Seeing the forest for the trees

It is too easy to forget that channel management is really all about economics. And that means it’s really all about building and managing an investment model.  Make sure you can answer three critical questions.

Why should I invest here instead of there?

Weigh your opportunities as part of a portfolio of investments rather than just as an isolated investment.  You can build a great business case for why you need more partner training.  You can probably even demonstrate how the extra investment will be returned with increased sales.  But that isn’t the central question.

Are the dollars you are spending here going to yield a better return than dollars spent over there?  When you have the dollars to invest, it is about opportunity costs.

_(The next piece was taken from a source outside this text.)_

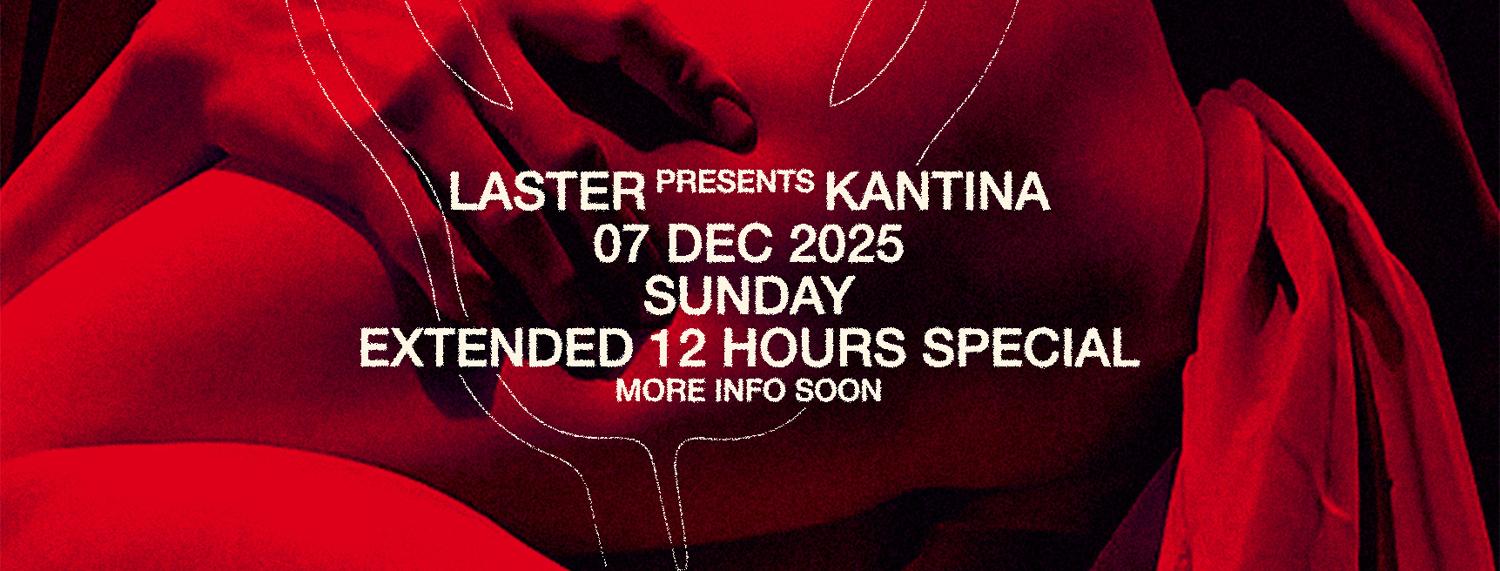 Laster Presents Kantina Is Back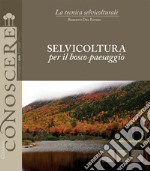 Selvicoltura per il bosco-paesaggio libro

Make sure you have a strongly capable model for running pilots, isolating investment variables and measuring success.  Run every major investment through this model.  Not just to get the kinks out of the operational requirements, but to quantify the return on investment and benchmark success verses other investments.

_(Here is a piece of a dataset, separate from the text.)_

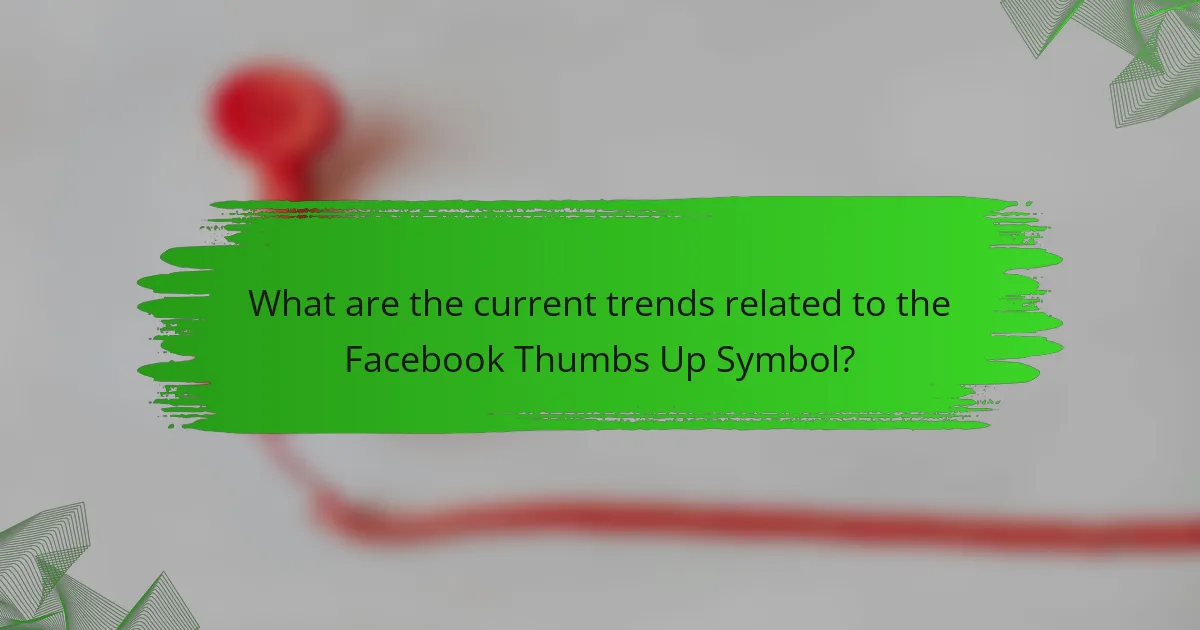 What are the current trends related to the Facebook Thumbs Up Symbol?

How does my investment change my costs-to-serve?

Ability to scale is the speed governor for channel programs.  Almost every partner performs better with an account manager but you simply can’t afford to give one to every partner.

Model your cost to serve as part of every investment decision.  Does the suggested investment reshape you tiering structure? Are you maintaining or exceeding your general ROI level guidelines?  Do you need to disinvest from another area to keep your costs to serve balanced as you ramp up the new investment?  All of these questions are easily addressed with the right cost-to-serve model and should inform your investment decisions.

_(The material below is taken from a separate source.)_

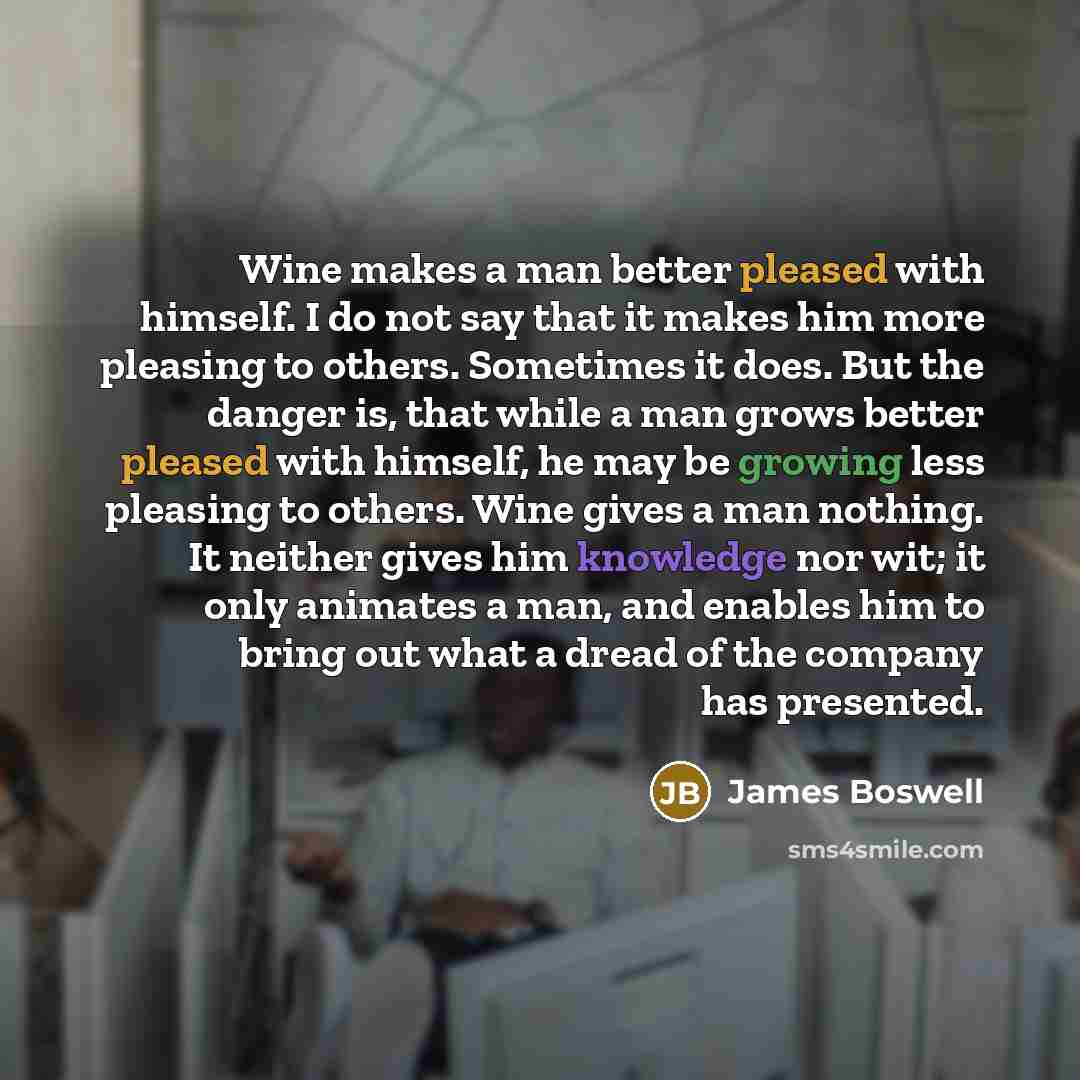 “Wine makes a man better pleased with himself. I do…” quote by James Boswell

Will my investment drive partners behavior?

On paper, the investment idea may look sound. You won’t change partner behavior if partners are not using, or see little value in, the investment area.

Categorizing your investment impacts in terms of partner usage (or awareness) and perceived value lets you build an investment value model. Plagiarizing the famous BCG four-quadrant model:

  • Cash Cows are benefits partners use and attribute value to
  • Rising Stars have high perceived value but low awareness or usage
  • Dogs have low usage and low perceived value.
  • Question Marks have high usage but low perceived value.  (The question – why do people use it if the value is low?)

Fuel investment in rising stars and cash cows by killing dogs and most question marks.

The key– build an investment model

George Box wrote that “essentially, all models are wrong, but some are useful” in his groundbreaking book on predictive statistics.  Build an investment model that lets you weigh one investment area verses another, maintain the right cost-to-serve balance and measure investment impact.

Only then can your investment decisions be data driven.  And when your decisions are data driven, getting senior executives to understand your funding requests relies less on persuasion and more on common sense.

Is your channel incentive program a money pit?

For many vendors, channel incentives are perhaps the single largest line item of cost for channel management.  The costs are often so large, they require the program to be contra-revenue to be funded.  This becomes a double edged sword.  It lets you reward your partners, but it also makes understanding the value of your investment hard to measure.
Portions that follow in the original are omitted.